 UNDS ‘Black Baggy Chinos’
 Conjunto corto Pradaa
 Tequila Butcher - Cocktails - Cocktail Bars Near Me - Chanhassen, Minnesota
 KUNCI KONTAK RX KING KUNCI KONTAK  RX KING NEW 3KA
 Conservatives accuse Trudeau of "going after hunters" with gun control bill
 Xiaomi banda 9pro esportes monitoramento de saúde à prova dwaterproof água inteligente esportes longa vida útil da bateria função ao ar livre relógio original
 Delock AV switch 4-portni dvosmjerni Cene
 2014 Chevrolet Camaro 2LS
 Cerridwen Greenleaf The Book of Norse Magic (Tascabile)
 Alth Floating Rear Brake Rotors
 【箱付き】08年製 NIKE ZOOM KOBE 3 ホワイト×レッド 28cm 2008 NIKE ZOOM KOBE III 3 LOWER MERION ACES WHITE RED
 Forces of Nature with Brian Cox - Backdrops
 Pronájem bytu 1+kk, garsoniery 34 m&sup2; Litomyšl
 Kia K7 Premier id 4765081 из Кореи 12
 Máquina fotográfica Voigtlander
= = = =
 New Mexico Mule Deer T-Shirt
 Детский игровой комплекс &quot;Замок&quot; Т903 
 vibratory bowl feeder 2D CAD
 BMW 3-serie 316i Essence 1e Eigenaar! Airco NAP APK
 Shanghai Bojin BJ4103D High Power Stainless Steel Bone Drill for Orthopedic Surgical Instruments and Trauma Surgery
= = = =
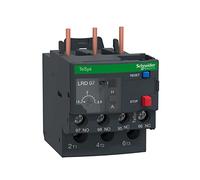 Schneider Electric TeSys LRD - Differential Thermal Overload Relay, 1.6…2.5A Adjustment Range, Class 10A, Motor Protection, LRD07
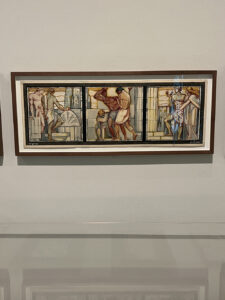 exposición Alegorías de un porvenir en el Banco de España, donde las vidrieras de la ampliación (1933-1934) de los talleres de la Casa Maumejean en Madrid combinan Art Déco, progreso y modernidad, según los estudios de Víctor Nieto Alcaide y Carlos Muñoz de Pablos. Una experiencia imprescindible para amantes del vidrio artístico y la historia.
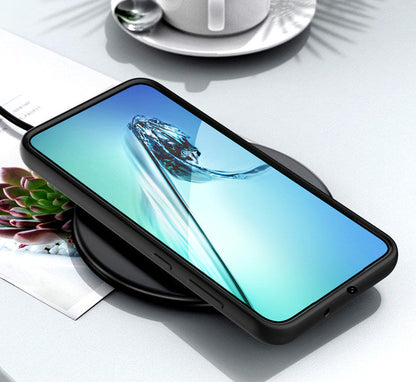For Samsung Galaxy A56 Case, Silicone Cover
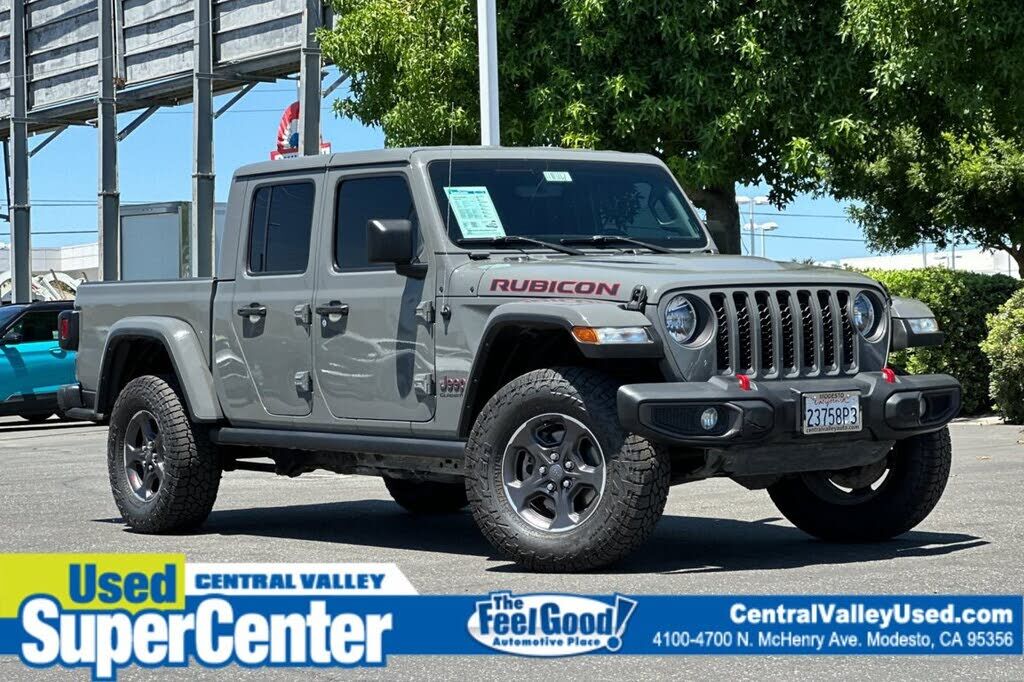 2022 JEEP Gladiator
= = = =
* **TASK DIRECTIONS**
The response should hold exactly the lines starting at the line with "UNDS ‘Black Baggy Chinos’" and ending at the line with "Máquina fotográfica Voigtlander", and no other line of the material above.

* **ANSWER AREA**
 UNDS ‘Black Baggy Chinos’
 Conjunto corto Pradaa
 Tequila Butcher - Cocktails - Cocktail Bars Near Me - Chanhassen, Minnesota
 KUNCI KONTAK RX KING KUNCI KONTAK  RX KING NEW 3KA
 Conservatives accuse Trudeau of "going after hunters" with gun control bill
 Xiaomi banda 9pro esportes monitoramento de saúde à prova dwaterproof água inteligente esportes longa vida útil da bateria função ao ar livre relógio original
 Delock AV switch 4-portni dvosmjerni Cene
 2014 Chevrolet Camaro 2LS
 Cerridwen Greenleaf The Book of Norse Magic (Tascabile)
 Alth Floating Rear Brake Rotors
 【箱付き】08年製 NIKE ZOOM KOBE 3 ホワイト×レッド 28cm 2008 NIKE ZOOM KOBE III 3 LOWER MERION ACES WHITE RED
 Forces of Nature with Brian Cox - Backdrops
 Pronájem bytu 1+kk, garsoniery 34 m&sup2; Litomyšl
 Kia K7 Premier id 4765081 из Кореи 12
 Máquina fotográfica Voigtlander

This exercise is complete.